# Fork/Tire Clearance?



## rplace13 (Apr 27, 2011)

I have a Gunnar HyperX with a Wound Up Road Disc-X fork. I'm currently running Sector 28 tires on Velocity Fusion rims with plenty of clearance all around on the fork.

I just placed an order for November's featured build Pacenti SL25 rims with Clement PDX 33mm tires.

I'm concerned with the clearance on the fork's crows after looking at my current setup. There seems to be plenty side to side. Eyeballing with a metric measuring tape I get about 60mm side to side near the top and if I lay the measuring tape's zero end up against the inside of the fork crown I estimate the center of the fork's dropout to be about 655mm.

I've looked at the Wound Up fork specs and Clement PDX specs but no mention of the "height" of the tire or fork. 

Any idea on how to determine if my new wheels/tires will fit my current fork.
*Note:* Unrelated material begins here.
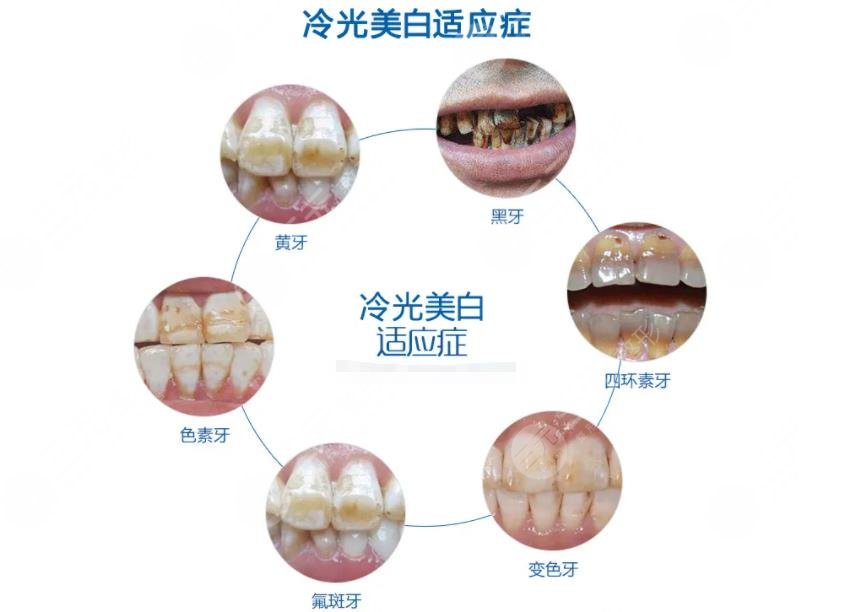廣州穗華口腔門診部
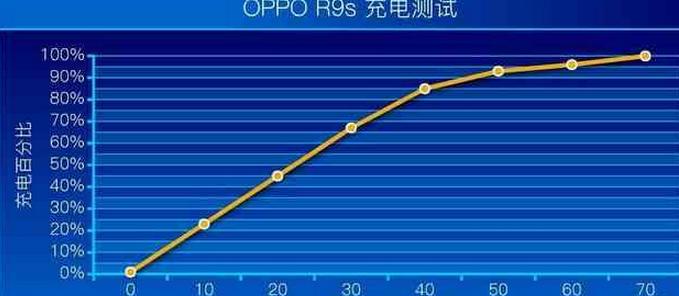 OPPOr9s测评,oppor9s手机测评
Being a disc fork I'd suspect more clearance that typical road fork, but since it is not CX or Gravel at bit worried. Do I need to know the circumference of the outside of the tire? How do I measure the fork correctly?

Wound UP Fork Specs Road X Disc Specs - Wound Up Composites

PDX Tire Specs PDX Clincher | Clement Cycling, Cyclocross Tires, Adventure Tires, Mountain Bike Tires, Road Bike Tires


----------



## Jay Strongbow (May 8, 2010)

rplace13 said:


> *I just placed an order* for November's featured build Pacenti SL25 rims with Clement PDX 33mm tires.
> 
> Any idea on *how to determine if my new wheels/tires will fit my current fork.*


Putting them on your bike???


----------



## Blue CheeseHead (Jul 14, 2008)

Why not ask Wound Up what size tires typically work on their fork with a 700c rim?


----------



## Lombard (May 8, 2014)

The chain stays may actually be more of a clearance concern than the fork.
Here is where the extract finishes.